(Task requirements)
Every line in the records below between the one holding "Đại hội Đảng" and the one holding "Old bucket 3D - TurboSquid 1191334", inclusive, is to be set down exactly; all other lines are to be left out.

(Material for the task)
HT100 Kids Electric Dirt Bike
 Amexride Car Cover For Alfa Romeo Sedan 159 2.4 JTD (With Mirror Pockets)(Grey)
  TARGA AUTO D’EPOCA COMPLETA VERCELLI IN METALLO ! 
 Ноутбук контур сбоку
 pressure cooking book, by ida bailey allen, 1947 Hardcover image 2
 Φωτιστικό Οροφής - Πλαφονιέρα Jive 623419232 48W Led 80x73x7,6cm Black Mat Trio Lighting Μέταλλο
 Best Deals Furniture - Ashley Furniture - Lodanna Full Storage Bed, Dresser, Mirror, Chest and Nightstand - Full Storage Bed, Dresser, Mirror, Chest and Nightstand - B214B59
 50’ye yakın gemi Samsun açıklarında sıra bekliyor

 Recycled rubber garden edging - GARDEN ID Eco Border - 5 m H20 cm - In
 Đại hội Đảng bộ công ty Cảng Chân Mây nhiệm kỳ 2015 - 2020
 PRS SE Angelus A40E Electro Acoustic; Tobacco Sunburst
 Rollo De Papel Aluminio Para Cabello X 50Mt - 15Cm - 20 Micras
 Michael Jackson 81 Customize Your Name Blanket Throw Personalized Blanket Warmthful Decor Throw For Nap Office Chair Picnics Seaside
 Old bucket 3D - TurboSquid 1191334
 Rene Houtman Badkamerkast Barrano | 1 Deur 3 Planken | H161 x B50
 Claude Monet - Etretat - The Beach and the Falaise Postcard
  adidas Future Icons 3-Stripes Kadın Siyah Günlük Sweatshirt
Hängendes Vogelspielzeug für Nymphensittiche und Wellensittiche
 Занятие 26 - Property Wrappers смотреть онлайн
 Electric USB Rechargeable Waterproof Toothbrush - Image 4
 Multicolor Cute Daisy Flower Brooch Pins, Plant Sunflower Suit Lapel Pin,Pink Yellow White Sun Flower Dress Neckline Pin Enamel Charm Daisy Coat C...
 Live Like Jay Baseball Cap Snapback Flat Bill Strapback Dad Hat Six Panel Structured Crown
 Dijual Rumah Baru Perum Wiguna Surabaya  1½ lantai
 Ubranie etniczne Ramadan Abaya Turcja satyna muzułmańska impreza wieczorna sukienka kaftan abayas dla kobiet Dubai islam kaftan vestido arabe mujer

(Output of the task)
 Đại hội Đảng bộ công ty Cảng Chân Mây nhiệm kỳ 2015 - 2020
 PRS SE Angelus A40E Electro Acoustic; Tobacco Sunburst
 Rollo De Papel Aluminio Para Cabello X 50Mt - 15Cm - 20 Micras
 Michael Jackson 81 Customize Your Name Blanket Throw Personalized Blanket Warmthful Decor Throw For Nap Office Chair Picnics Seaside
 Old bucket 3D - TurboSquid 1191334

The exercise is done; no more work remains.